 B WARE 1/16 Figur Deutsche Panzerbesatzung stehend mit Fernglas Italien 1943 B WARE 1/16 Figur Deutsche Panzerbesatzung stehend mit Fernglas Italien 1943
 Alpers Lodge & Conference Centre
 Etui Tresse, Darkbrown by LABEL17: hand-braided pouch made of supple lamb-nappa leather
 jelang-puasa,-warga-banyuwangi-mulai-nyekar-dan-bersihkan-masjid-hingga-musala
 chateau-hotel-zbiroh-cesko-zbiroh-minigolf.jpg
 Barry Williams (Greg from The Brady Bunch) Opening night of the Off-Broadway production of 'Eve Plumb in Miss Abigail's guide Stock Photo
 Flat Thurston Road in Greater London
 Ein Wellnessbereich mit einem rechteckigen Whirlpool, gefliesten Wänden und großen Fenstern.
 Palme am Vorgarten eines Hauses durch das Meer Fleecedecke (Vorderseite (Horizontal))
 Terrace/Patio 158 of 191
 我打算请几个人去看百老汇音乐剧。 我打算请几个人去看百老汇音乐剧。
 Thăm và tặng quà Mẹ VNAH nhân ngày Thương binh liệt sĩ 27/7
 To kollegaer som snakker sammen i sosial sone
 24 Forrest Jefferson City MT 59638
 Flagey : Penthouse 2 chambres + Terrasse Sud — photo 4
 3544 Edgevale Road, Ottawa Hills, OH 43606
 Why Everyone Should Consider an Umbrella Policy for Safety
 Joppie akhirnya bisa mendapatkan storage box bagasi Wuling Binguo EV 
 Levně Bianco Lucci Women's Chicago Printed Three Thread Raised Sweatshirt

Task »
Provide an exact reproduction of all the entries shown above.

Result »
 B WARE 1/16 Figur Deutsche Panzerbesatzung stehend mit Fernglas Italien 1943 B WARE 1/16 Figur Deutsche Panzerbesatzung stehend mit Fernglas Italien 1943
 Alpers Lodge & Conference Centre
 Etui Tresse, Darkbrown by LABEL17: hand-braided pouch made of supple lamb-nappa leather
 jelang-puasa,-warga-banyuwangi-mulai-nyekar-dan-bersihkan-masjid-hingga-musala
 chateau-hotel-zbiroh-cesko-zbiroh-minigolf.jpg
 Barry Williams (Greg from The Brady Bunch) Opening night of the Off-Broadway production of 'Eve Plumb in Miss Abigail's guide Stock Photo
 Flat Thurston Road in Greater London
 Ein Wellnessbereich mit einem rechteckigen Whirlpool, gefliesten Wänden und großen Fenstern.
 Palme am Vorgarten eines Hauses durch das Meer Fleecedecke (Vorderseite (Horizontal))
 Terrace/Patio 158 of 191
 我打算请几个人去看百老汇音乐剧。 我打算请几个人去看百老汇音乐剧。
 Thăm và tặng quà Mẹ VNAH nhân ngày Thương binh liệt sĩ 27/7
 To kollegaer som snakker sammen i sosial sone
 24 Forrest Jefferson City MT 59638
 Flagey : Penthouse 2 chambres + Terrasse Sud — photo 4
 3544 Edgevale Road, Ottawa Hills, OH 43606
 Why Everyone Should Consider an Umbrella Policy for Safety
 Joppie akhirnya bisa mendapatkan storage box bagasi Wuling Binguo EV 
 Levně Bianco Lucci Women's Chicago Printed Three Thread Raised Sweatshirt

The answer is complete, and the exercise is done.